Participants at the OSCE training in Greece 2021 ©OSCE/MPSOTC
The easing of travel restrictions has finally made it possible to participate in person in training courses, seminars and other CPP events again. This welcome move meant that Professor Peter Stone, President of Blue Shield International and UNESCO Chair in Cultural Property Protection and Peace at Newcastle University, was part of the training team on a course on Cultural Property Protection between 30 August and 3 September 2021 for the Organisation for Peace and Security Co-operation in Europe (OSCE) with the Multinational Peace Support Operations Training Centre (MPSOTC) in Greece. Over 30 participants from ten countries attended the course in Kilkis, Greece.

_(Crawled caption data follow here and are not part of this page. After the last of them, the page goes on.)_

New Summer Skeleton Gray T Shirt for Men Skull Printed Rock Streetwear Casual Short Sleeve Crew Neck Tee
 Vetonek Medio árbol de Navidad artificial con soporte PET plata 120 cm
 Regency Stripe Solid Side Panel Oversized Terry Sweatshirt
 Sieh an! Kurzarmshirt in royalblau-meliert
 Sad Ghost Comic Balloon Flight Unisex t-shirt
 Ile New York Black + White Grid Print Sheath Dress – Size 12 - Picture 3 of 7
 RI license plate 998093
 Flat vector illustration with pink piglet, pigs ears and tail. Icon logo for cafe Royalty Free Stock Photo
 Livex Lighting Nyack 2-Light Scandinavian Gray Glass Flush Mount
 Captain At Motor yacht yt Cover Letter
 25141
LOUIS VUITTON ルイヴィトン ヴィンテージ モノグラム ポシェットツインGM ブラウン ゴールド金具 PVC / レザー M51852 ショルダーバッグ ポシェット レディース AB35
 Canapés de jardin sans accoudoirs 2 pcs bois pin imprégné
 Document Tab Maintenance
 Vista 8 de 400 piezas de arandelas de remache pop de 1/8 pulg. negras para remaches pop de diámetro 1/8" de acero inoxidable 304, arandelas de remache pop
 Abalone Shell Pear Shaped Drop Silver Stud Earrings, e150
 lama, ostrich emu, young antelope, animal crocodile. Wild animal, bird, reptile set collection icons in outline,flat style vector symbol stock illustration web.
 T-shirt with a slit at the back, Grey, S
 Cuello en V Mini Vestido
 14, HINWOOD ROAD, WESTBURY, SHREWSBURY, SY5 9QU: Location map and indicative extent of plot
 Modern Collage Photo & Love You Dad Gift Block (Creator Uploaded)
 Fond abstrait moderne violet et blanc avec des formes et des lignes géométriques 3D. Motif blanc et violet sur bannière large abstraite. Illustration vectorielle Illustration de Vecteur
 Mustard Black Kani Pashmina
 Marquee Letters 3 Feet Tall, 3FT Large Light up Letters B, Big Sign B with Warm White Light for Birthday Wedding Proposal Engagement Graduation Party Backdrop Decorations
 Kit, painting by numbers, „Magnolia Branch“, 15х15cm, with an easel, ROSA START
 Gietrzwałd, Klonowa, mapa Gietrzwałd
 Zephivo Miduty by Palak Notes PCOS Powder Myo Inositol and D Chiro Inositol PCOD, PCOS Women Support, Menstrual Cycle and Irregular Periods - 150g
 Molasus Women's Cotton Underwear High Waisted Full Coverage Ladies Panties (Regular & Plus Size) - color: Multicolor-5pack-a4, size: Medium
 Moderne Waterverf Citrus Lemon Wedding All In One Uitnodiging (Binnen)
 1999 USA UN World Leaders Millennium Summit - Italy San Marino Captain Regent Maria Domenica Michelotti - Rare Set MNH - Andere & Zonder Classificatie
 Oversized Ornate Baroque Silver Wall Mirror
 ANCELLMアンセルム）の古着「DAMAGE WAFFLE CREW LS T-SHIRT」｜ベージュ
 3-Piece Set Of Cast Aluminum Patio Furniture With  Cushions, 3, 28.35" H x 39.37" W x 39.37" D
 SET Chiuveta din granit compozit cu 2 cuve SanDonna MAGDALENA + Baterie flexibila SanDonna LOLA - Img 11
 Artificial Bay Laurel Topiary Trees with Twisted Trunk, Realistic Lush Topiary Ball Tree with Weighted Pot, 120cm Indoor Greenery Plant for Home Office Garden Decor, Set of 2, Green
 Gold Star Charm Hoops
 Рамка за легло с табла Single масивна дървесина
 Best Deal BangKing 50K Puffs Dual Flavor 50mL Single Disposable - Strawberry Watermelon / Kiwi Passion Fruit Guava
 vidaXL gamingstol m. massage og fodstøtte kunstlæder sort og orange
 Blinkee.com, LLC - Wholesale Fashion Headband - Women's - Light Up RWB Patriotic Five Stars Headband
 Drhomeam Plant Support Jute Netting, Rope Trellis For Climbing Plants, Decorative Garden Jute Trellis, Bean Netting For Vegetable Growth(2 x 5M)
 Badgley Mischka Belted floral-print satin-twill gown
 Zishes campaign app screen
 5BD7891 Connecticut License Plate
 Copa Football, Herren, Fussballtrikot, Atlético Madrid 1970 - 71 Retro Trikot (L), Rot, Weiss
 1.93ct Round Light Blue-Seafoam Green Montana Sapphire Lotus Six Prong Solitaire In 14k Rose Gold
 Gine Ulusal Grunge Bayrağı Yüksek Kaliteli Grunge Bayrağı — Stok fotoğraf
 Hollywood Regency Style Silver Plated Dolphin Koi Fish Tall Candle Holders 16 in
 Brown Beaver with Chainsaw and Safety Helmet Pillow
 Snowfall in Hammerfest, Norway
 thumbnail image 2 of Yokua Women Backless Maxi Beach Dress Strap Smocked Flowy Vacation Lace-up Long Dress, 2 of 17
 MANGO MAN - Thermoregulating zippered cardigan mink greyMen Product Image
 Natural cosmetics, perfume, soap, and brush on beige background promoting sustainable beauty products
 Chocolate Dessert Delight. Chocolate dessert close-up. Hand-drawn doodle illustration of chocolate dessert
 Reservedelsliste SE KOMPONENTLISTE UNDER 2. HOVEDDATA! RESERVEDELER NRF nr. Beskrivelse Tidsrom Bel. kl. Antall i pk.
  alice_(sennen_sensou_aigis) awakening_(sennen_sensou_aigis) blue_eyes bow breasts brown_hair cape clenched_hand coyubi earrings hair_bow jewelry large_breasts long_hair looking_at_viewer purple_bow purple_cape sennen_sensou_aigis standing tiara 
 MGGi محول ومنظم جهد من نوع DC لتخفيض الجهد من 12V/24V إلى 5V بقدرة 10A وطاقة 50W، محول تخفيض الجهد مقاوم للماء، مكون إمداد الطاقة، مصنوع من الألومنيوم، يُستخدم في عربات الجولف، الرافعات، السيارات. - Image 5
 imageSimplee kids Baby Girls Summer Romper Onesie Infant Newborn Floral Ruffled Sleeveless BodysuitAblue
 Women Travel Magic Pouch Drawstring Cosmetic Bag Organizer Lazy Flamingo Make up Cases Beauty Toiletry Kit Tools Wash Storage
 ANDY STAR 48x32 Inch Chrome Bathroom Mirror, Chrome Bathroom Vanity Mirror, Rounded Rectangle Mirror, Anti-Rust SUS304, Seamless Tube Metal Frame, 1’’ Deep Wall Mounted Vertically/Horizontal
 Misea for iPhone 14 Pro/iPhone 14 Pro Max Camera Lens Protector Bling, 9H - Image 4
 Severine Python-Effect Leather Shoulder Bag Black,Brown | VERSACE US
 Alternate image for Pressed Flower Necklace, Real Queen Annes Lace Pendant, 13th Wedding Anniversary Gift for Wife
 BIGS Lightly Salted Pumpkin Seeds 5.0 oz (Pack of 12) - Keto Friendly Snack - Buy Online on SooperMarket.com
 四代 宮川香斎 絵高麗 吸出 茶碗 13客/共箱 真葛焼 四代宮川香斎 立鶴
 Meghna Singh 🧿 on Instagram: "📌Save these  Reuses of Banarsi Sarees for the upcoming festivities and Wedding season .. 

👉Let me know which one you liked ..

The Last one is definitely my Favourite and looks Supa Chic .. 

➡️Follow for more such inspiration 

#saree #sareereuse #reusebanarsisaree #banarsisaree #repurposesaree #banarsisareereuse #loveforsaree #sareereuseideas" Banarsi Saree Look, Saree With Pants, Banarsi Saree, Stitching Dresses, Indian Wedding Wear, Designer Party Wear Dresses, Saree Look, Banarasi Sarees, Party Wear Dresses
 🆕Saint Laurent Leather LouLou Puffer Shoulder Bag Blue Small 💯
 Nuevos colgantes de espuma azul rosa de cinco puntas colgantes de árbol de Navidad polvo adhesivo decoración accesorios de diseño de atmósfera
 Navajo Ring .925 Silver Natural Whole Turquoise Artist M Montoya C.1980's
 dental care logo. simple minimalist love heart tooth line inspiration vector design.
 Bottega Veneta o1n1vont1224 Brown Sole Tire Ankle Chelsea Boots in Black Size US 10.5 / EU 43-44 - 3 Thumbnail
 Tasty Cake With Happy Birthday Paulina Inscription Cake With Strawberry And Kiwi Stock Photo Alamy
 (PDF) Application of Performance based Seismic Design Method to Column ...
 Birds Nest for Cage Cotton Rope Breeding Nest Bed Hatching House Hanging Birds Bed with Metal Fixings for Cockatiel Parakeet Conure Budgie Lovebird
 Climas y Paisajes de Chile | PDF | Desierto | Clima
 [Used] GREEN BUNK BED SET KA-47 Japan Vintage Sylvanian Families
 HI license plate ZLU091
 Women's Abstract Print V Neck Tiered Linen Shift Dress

Participants explored the issue of cultural property protection and the phenomenon of the illicit trafficking in cultural property. Session topics included contemporary security environment; the legal framework of cultural property protection; links between transnational organized crime and terrorism, money laundering and terrorism financing; artefacts’ smuggling and international co-operation.
On the first day Professor Stone gave presentations on CPP and the work of the Blue Shield, and then on the responsibilities of Armed Forces and Armed Non-State Actors across the spectrum of armed conflict. He also participated in an operational environment field training exercise on the fourth day, presenting a session dedicated to threats, vulnerabilities and risk assessment for CPP.
It was wonderful being back in a face-to-face training environment with key colleagues and very engaged participants who have the ability to become actively involved in the protection of cultural property. As ever, the conversations over coffee and in the evening were just as valuable as the formal training and many relationships have been cemented and others begun. A breath of fresh air.
– Professor Peter Stone
Peter Stone speaking at the OSCE/MPSOTC training Greece September 2021 ©OSCE/MPSOTC
In addition to Blue Shield International, the course included presentations from the OSCE, MPSOTC, Interpol, the Carabineri, UNESCO, the UK Cultural Property Protection Unit, University of Krems, and Greek academics. Participants came from ten countries and organisations including NATO and a number of national armed forces, police, and Border forces from European, Balkan, Middle Eastern, and Gulf countries.
The course is part of an OSCE project established in 2016 raising awareness of how illicit trafficking can impact peace and security. The topic is an integral part of the OSCE thematic work Programme from 2021-2026, and is part of MPSOTC’s annual training programme. This course builds on the first pilot training run in 2020, which BSI also supported.